# Katie's gift to us, one year later



## lalala (May 3, 2008)

What a beautiful tribute to your beloved Katie. She is watching over all of you from up above. Congratulations to you and your wife!! Lots more wonderful memories to come


----------



## Jackson'sMom (Oct 13, 2007)

What a beautiful tribute to such a beautiful girl. I'm so sorry you lost her at such a young age. Even in death, Katie is still teaching you and watching over you.


----------



## BeauShel (May 20, 2007)

Congratulations on the new baby. She is smiling down watching over you and happy that she has taught you so much in her short life. And now will be watching over the baby. I still think of you losing her at such a young age and in such a sudden way. 
You gave her a very beautiful tribute. That is such a beautiful picture of her.


----------



## 3 goldens (Sep 30, 2005)

It does not seem possible that ia whole year has passed since iiread about Katie's sudden passing. And I have to say that she left you a legacy that is rare ad the best that can be left--the knowledge you now have of life and life's unpredictable events, how precious each moment is, and of the love that can be shared between a dog and it's humans. What a beautiful girl she was.


----------



## Pointgold (Jun 6, 2007)

Oh, Timm and Melissa! A baby on the way! I am so excited for you. Your tribute to Katie is beautiful. It hardly seems possible that she left you a year ago. She was so pretty and so well loved. I am sure that Chloe is every bit as loved, she is very lucky.

So, we really do need a picture of the beautiful Melissa - I can only imagine how much more beautiful she is pregnant!

Congratulations, you so deserve this wonderful gift.


----------



## goldensmum (Oct 23, 2007)

Congratulations on your good news - hope everything goes well for you both.
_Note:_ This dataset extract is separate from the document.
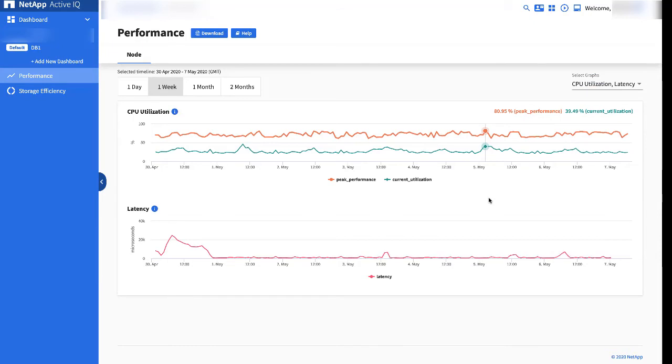You can also change the time period involved: day, week, month, or months. And you can also download this information in CSV format.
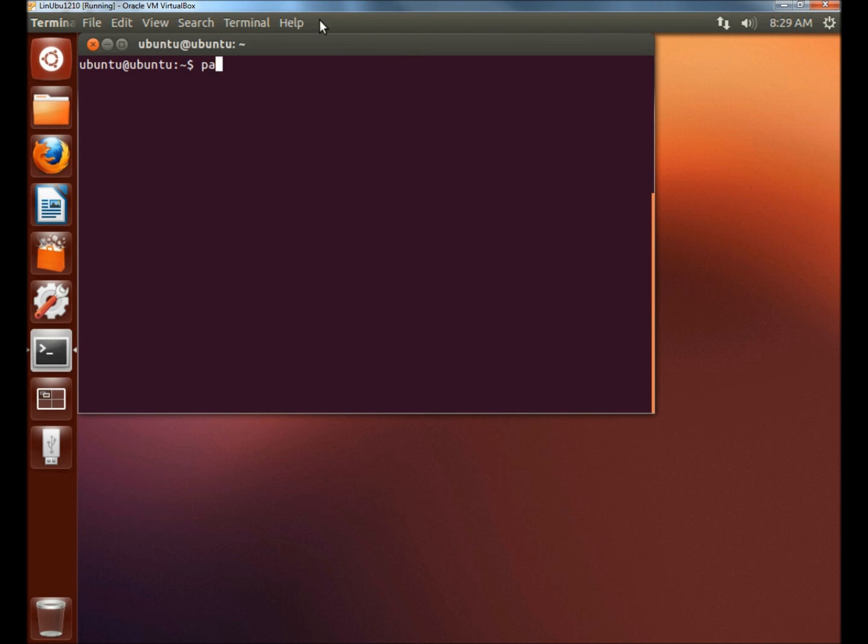And then I'm going to type P-A-S-S-W-D, and then the name of the user whose password I want to change. In this case it's Ubuntu. I'm going to hit enter.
Run free and sleep softly Katie


----------



## davebeech (Feb 11, 2006)

Beautiful tribute to Katie, I know how sad this day will be for you and that Katie was one beautiful girl who stole your hearts.
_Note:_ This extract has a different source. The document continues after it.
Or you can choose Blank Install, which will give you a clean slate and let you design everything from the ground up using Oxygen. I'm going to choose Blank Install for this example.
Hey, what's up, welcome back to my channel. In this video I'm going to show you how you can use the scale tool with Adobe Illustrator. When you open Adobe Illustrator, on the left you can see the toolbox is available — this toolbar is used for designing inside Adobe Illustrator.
Congratulations on your good news too.


----------



## Hudson (May 18, 2005)

Congratulations on your wonderful news and the wonderful tribute of what sweet Katie bought to your life, she will be happy for you sharing your love with Chloe and soon a new little baby.


----------



## Jenny Wren (Feb 27, 2007)

Oh Tim and Melissa!! I'm crying tears of joy for you both! It was just a short time ago we were crying in pain with you. And when I think of Katie, those tears come back, even still.
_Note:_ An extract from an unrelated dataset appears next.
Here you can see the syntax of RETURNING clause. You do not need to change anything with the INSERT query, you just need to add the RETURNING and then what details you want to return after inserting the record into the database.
But Chloe has been a good turn for you both. She's not Katie but she will be--and is- a good pup for you. I always smile when you post pictures of her...and look forward to more.

Now a BABY!! Yippee!! It's wonderful. Our first grandchild is going to be born the first of November, good Lord willing. I can count with them AND you now! Laura is right--we want to see Melissa! (Chloe too)...

That little baby is going to have the best life! Congratulations to both of you!!


----------



## Fozzybear (Feb 27, 2008)

That is a wonderfull tribute you wrote about Katie and Congratulations on the Baby news!


----------



## Debles (Sep 6, 2007)

Congratulations on your wonderful news! Having your child grow up with Chloe will be a joy for all of you!

I wasn't around when you lost your dear Katie. I am so very sorry she had to leave you so young! It is so very hard and painful!

Yes, please post lots of pics!


----------



## Hedy (Feb 28, 2008)

What a beautiful tribute. This is from Melissa's mom, her & Tim are two very special people & so is Chloe! I can hardly wait to be a Grandmom, we are truly blessed!
Love you all, Mom (Hedy)


----------



## Jenny Wren (Feb 27, 2007)

Welcome to the forum Hedy... yes they are special people...you must be too!


----------



## Swanolck (Jan 17, 2007)

Congratulations Tim & Melissa & Chloe!!! You guys will be great human parents too!! 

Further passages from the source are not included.